もとからモリアーティは周到な作戦を練った後、一緒にSMI本部奪還のために来るはずだった。ましてこうなっては、サンジェルマンなら来なければならないはずだ。だから時間稼ぎをしようとしたのだが、願ってもないほどのタイミングに両方が到着してくれた。
「――ともかく」
大ボスの指摘を流して、サンジェルマンは瓦礫の山へと宣告する。
「異能で宇宙法則を歪曲しうる自白までしましたね。これで宇宙調整者は心置きなく介入できます」
そこまでの事態だ。阻止するのがコーディネーターの役割である。
――建造物の残骸が撥ね退けられる。
下から飛び出た無傷のガブリエルが、半壊してひっくり返った家の上に降り、白衣の埃を払いつつ応答する。
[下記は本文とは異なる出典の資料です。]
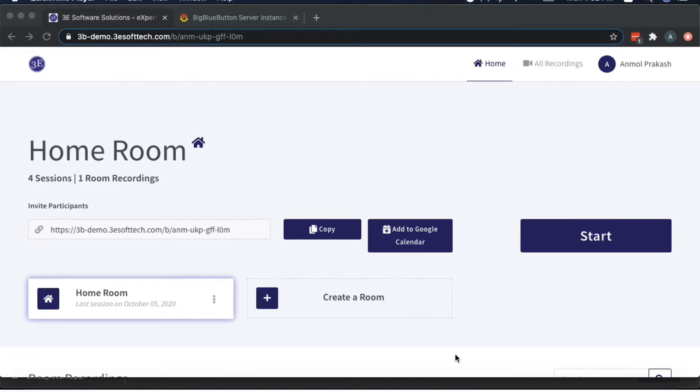I'm going to show you a video about one of the commonly asked questions, which is: as a participant, how can we see both the webcam as well as the shared screen of the moderator?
「謙虚だね、サンジェルマン。宇宙の法則を歪めようとした段階で、口外せずとも心を読んで邪魔できるだろうに」
「さあ、どうでしょう」
しらばくれるサンジェルマンを差し置いて、大ボスが一歩前に出る。
「くだらねえ
「できないよ」
北アメリカ表社会最強SSランクのガブリエルは、北アメリカ裏社会最強SSランクのモリアーティに余裕で返した。SSSランクのサンジェルマン伯爵までいるというのに。
「あぁ?」
癪に障ったのか、余った偽街角の家々全部を大ボスは浮上させる。
「タイマンでもいいんだぜ。どっちが真の北米一か決めようじゃねえか、東京とロンドン代わりのオリンピック新競技だ。ご自慢のテスラなんたら装置ごとぶっ潰して、墓前に銀メダルをくれてやるよ」
「! ――待ってください!」
唐突に、異変を気取ったのはサンジェルマンだった。
「彼に勝てる未来がない!!」
途端だ。
ガブリエルから黒い影が放たれた。
それは瞬く間に速度と大きさを増す。
「ちっ!」
モリアーティの反応は早かった。
影を操作し、全家屋を自分たちの前に移動。盾にする。
が。
影は片っ端から模型を粉砕、大ボスと伯爵に衝突した。二人は爆炎を伴いながら逆向きの隕石のように天空の彼方へと打ち上げられた。
置き去りにされたデイビッドとヨハンナが驚愕する頃には、もはや天へと斜めに上る煙の痕跡と、ほぼ建物を失い土台だけとなった住宅街の模型だけが一帯には残されていた。